====== Source records ======

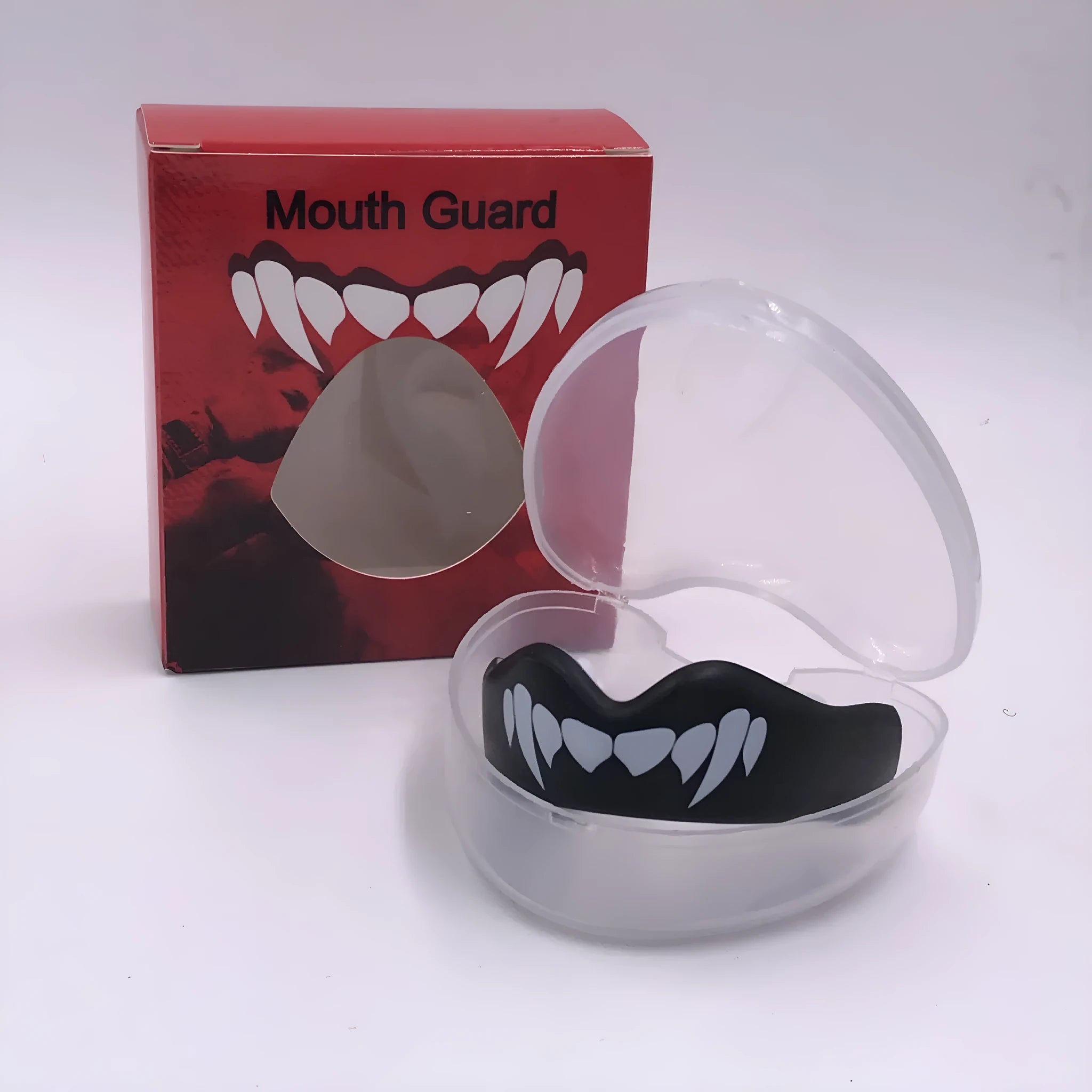 Adult boxing mouthguard with printed teeth design for martial arts and Taekwondo protection.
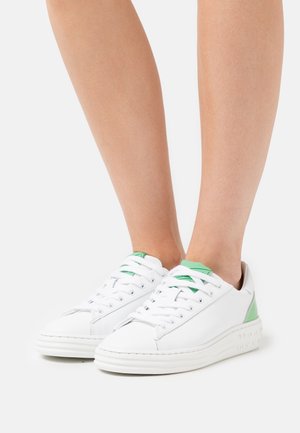 Witte sneakers met groene accenten op de hiel en tong, gedragen op blote voeten tegen een effen lichte achtergrond.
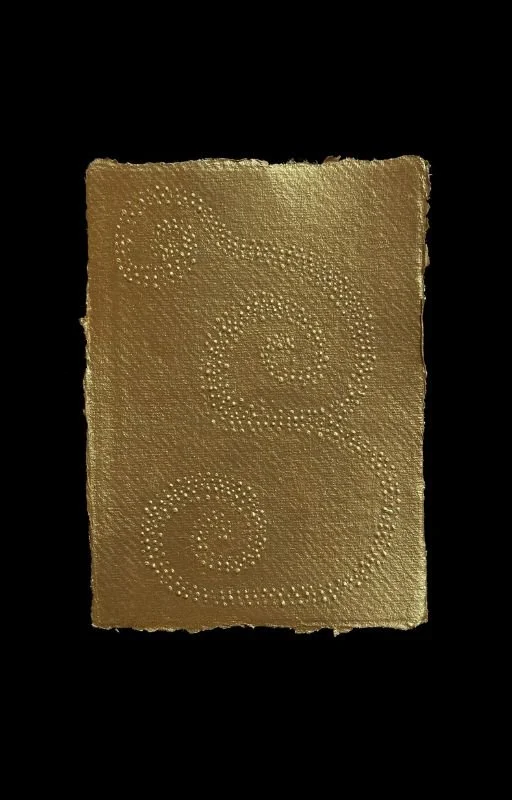 Gold textured card with spiral patterns made of small raised dots, set against a black background.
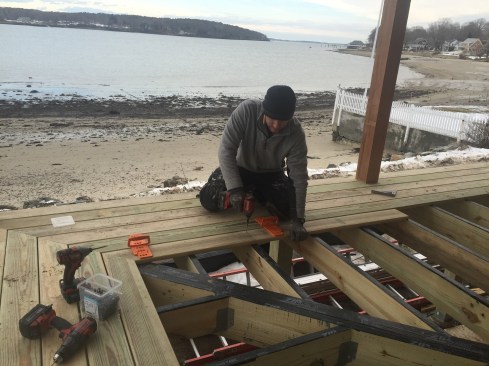 With the house temporarily supported on jacks and the new post structure framed in for the post, the crew hurried to build the new porch before winter weather set in. To the rear is the Casco Bay, just a few feet away from the property.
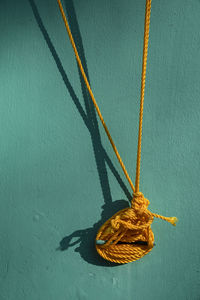 High angle view of rope tied on wall
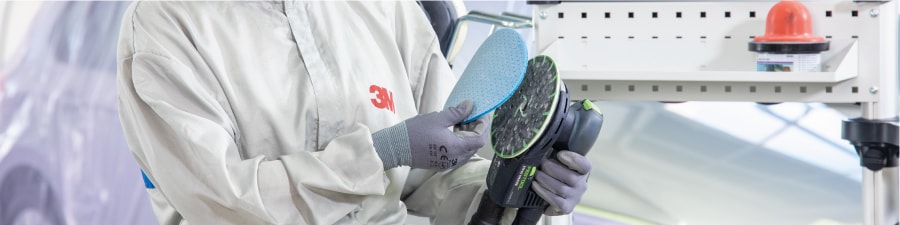 Woman sanding a car
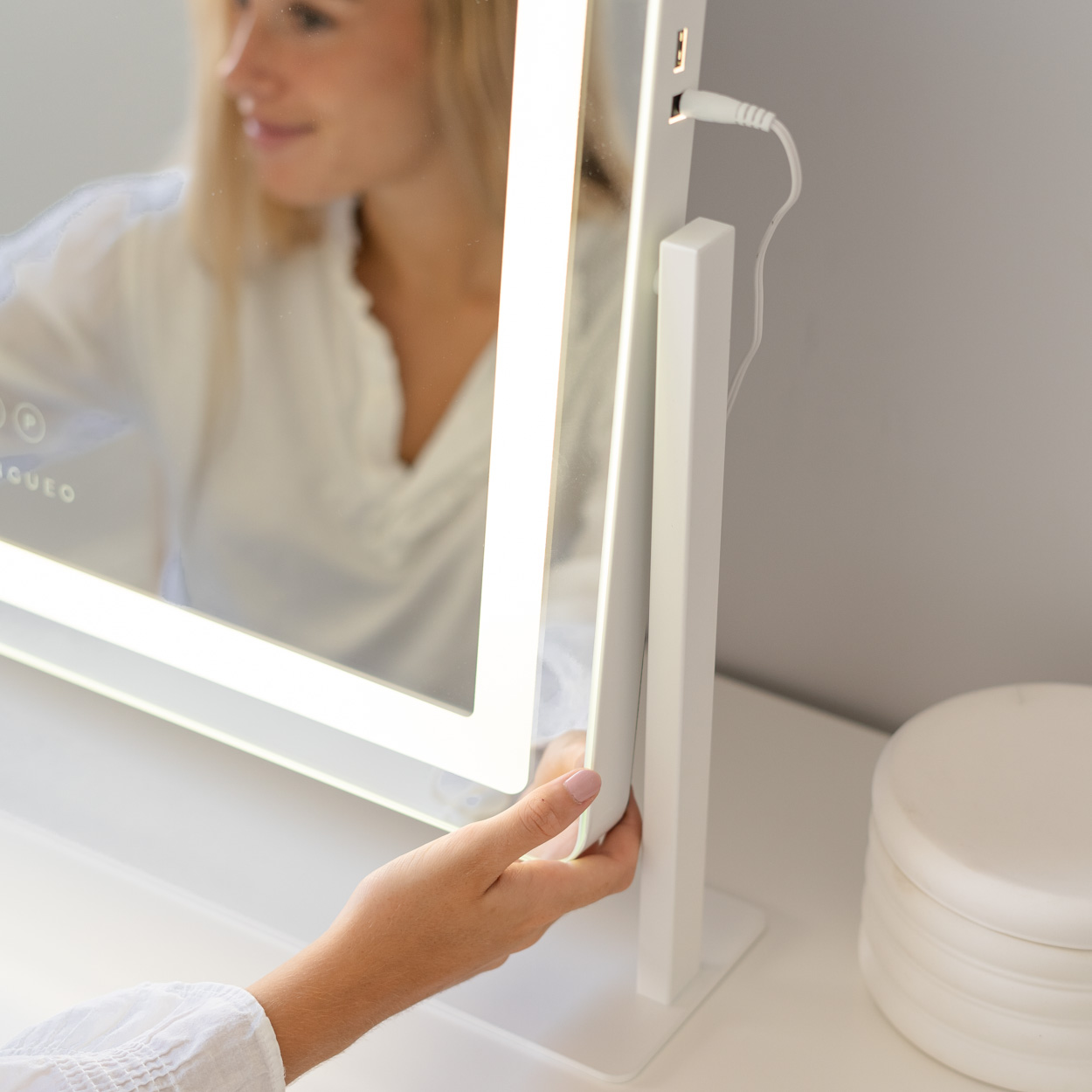 Mujer tocando espejo blanco iluminado con soporte blanco y cable USB.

======

• **What to work on**
Starting at the line that contains "Gold textured card", write out every line through the end of the entries above exactly, and omit the pictures.

• **Result of this task**
 Gold textured card with spiral patterns made of small raised dots, set against a black background.
 With the house temporarily supported on jacks and the new post structure framed in for the post, the crew hurried to build the new porch before winter weather set in. To the rear is the Casco Bay, just a few feet away from the property.
 High angle view of rope tied on wall
 Woman sanding a car
 Mujer tocando espejo blanco iluminado con soporte blanco y cable USB.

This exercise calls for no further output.